Donde no hay medias tintas es en la inversión. Esa es la apuesta de largo aliento que sostiene el ánimo. El 92.8% de las empresas consultadas aseguró que puso dinero sobre la mesa para aumentar su capacidad de producción entre enero y marzo.
La joya de la corona sigue siendo la compra de maquinaria, un rubro que escaló del 23% al 27% en las preferencias. El músculo lo están ensanchando pensando en lo que viene, sobre todo mirando a la calle internacional: un sólido 77.4% de las firmas colocó parte de su producción en mercados externos.

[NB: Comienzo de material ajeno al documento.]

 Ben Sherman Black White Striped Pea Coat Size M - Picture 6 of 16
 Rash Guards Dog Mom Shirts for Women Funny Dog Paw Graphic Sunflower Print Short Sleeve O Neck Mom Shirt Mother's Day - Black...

El talante para el próximo trimestre es de realismo contenido. Las expectativas de ventas se disparan a un saldo de 66.2 puntos, un deseo que contrasta con la percepción actual, más rala.
En el clima de negocios, lo que más pesa en la cabeza del empresario es la bajada de la percepción sobre la economía internacional, que se derrumbó de 54.8 a 41.0 puntos. Sin embargo, en la trinchera local, la situación de la empresa se mantiene robusta en 62.0 y el clima para invertir, en 58.0.
La película de este 2026 arranca, por tanto, con un sector que no se deja llevar por la euforia, pero que tampoco guarda la chequera. Un compás de espera activo.